DATASET EXCERPT START

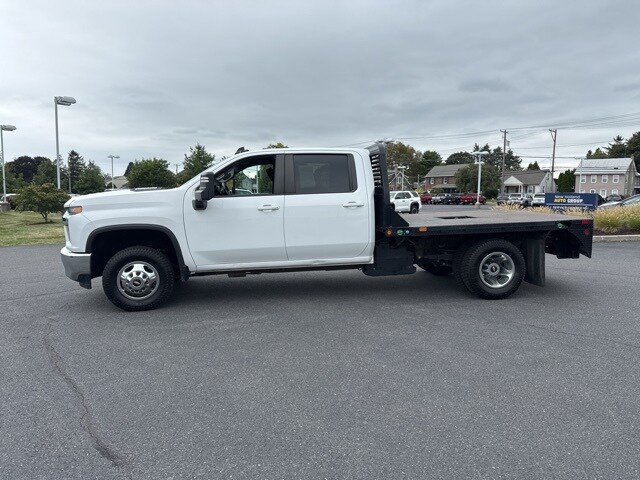 2022 Chevrolet Silverado 3500HD LT photo 2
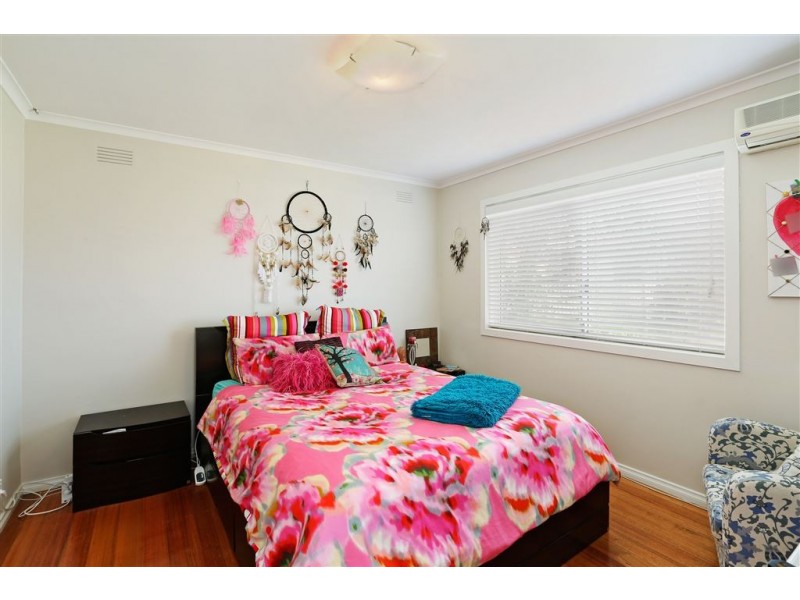 2/70 Wilsons Road, Newcomb VIC 3219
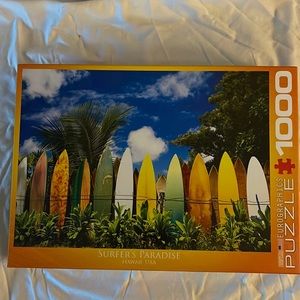 Jigsaw Puzzle “Surfer’s Paradise”.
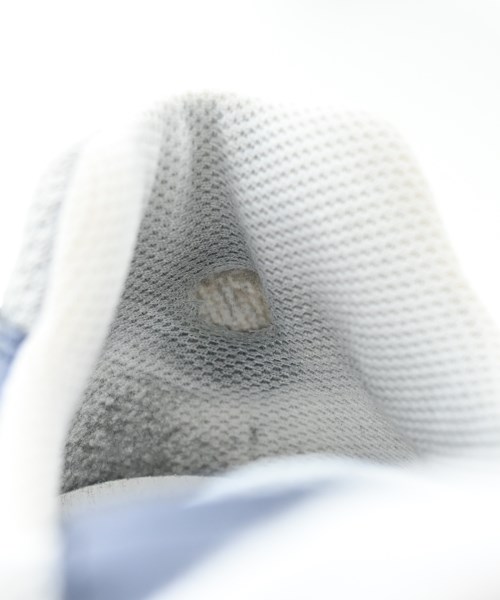 PRADA（プラダ）スニーカー 紺 サイズ:UK9(27.5cm位) メンズ/2200657820107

DATASET EXCERPT END

Down to the final line, restate the material above word for word, but omit its pictures.

ANSWER BOX:
 2022 Chevrolet Silverado 3500HD LT photo 2
 2/70 Wilsons Road, Newcomb VIC 3219
 Jigsaw Puzzle “Surfer’s Paradise”.
 PRADA（プラダ）スニーカー 紺 サイズ:UK9(27.5cm位) メンズ/2200657820107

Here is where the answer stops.